An unusual but highly valuable by-line of this product is that it allows research buyers to compare the performance of fieldwork agencies. Once interviewing is over, the back-feed, when the outcome of the interview is applied to the database, and non-contact can be identified and released for other projects, can be reviewed. This review can show fieldwork hit rates and MaRSC will even take this history into account when generating new samples, adjusting the quantity of sample for the measured efficiency of the agency. Interestingly, corporate users report great reluctance on the part of research agencies to provide this information.
As for the product itself, at the front end there is an easy-to-use set of Windows tabbed menus where you define the characteristics of your sample, set any filters or suppression criteria, and define the quota targets in absolute or percentage terms. You then tell the program to generate a trial report-only run. Any shortfalls colour-coded in the report for easy recognition.
Drop-down lists, built from the database tables, make it easy to define your sample and set up your quota tables, which can interlock down to seven different levels, Sophisticated and secure sample resting rules will ensure your respondents are not over sampled - no matter what level of desperation the requestor has reached.
MaRSC can either sit astride its own, dedicated relational database of sample, or it can be configured to avoid needless duplication of data and synchronisation problems by utilising an existing data warehouse of customer records. To achieve this, several MaRSC-specific tables need to be added to the database to record sampling and interviewing history, which can be a step too far for some database managers.
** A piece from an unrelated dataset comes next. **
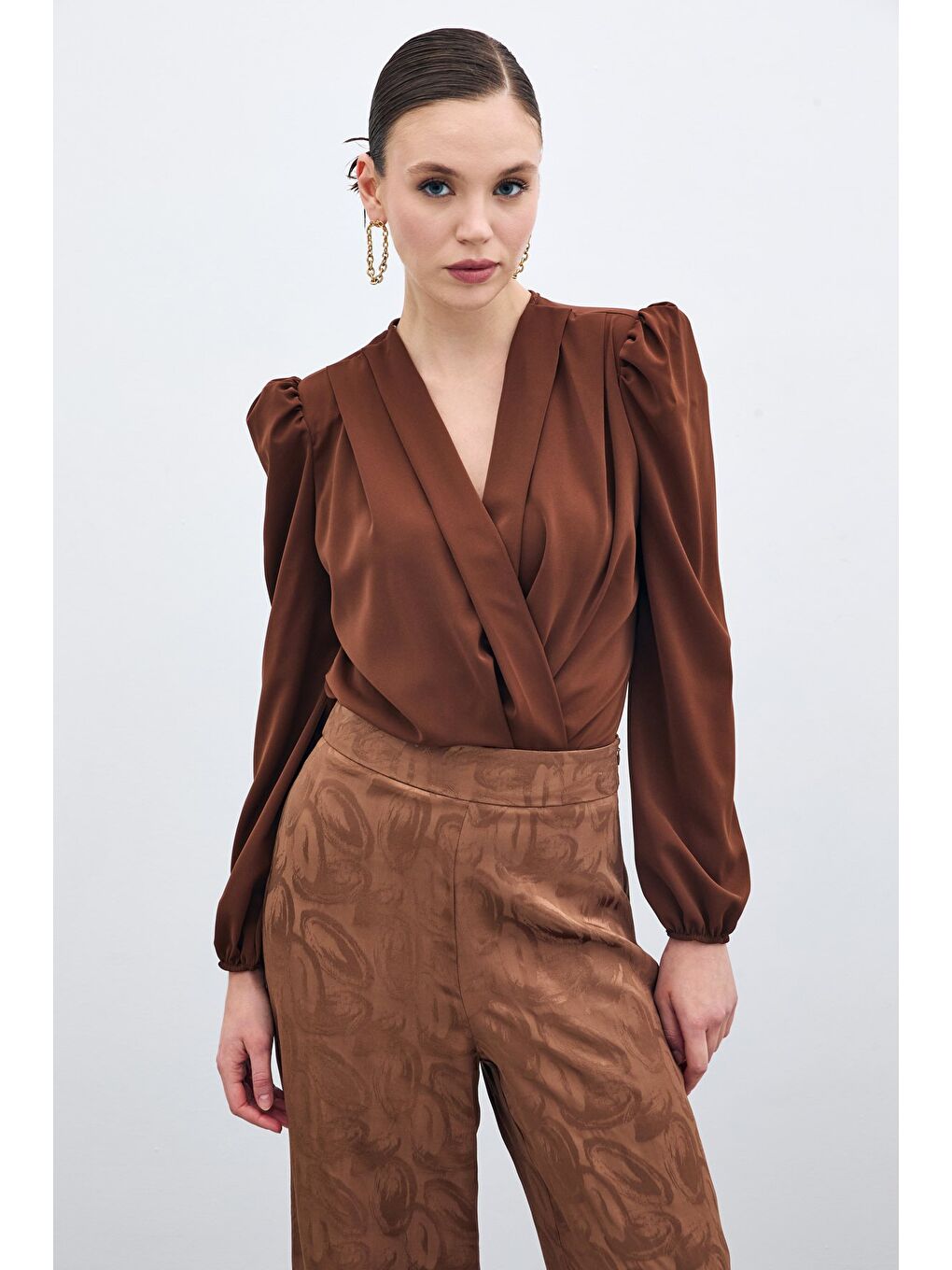 Kahverengi Kruvaze Vatkalı Bodysuit - Kahve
|The program will happily draw sample as a random selection from the database it controls, but another great feature is its ability to use an external file to drive the selection process. It means you can supplement your own customer database with other bought-in lists or samples for ad hoc research projects, and you can generate timely sample for event-driven research.
One point to watch is that MarSC it is a customised rather than off-the-shelf solution, and for event-driven research this involves several other standalone upstream and downstream modules. Its rather a pity that these all stand outside the main GUI interface and would be better to have more of a workflow approach.
Robert Jacob, Head of Research Systems at Barclays Marketing sees key benefits in MarSC, where it is used across the entire Barclays UK consumer operations, in being able to target sample better and maintain a company-wide research contact history. Very few companies take the issue of sample management seriously, he says. Yet it is incumbent on us all to maintain a proper contact strategy or we risk damaging the reputation of research through too many contacts that are just not relevant or interesting for the respondent.
Jacob has, on occasion, drawn sample with as many as seven different interlocked target levels. Of course, it depends on the information you have, but what we are finding is that if you use everything intelligently, you can often use known attributes as proxies for unknown ones. And it works - the success rate we get in obtaining a response is far higher when you use this information to create highly targeted samples.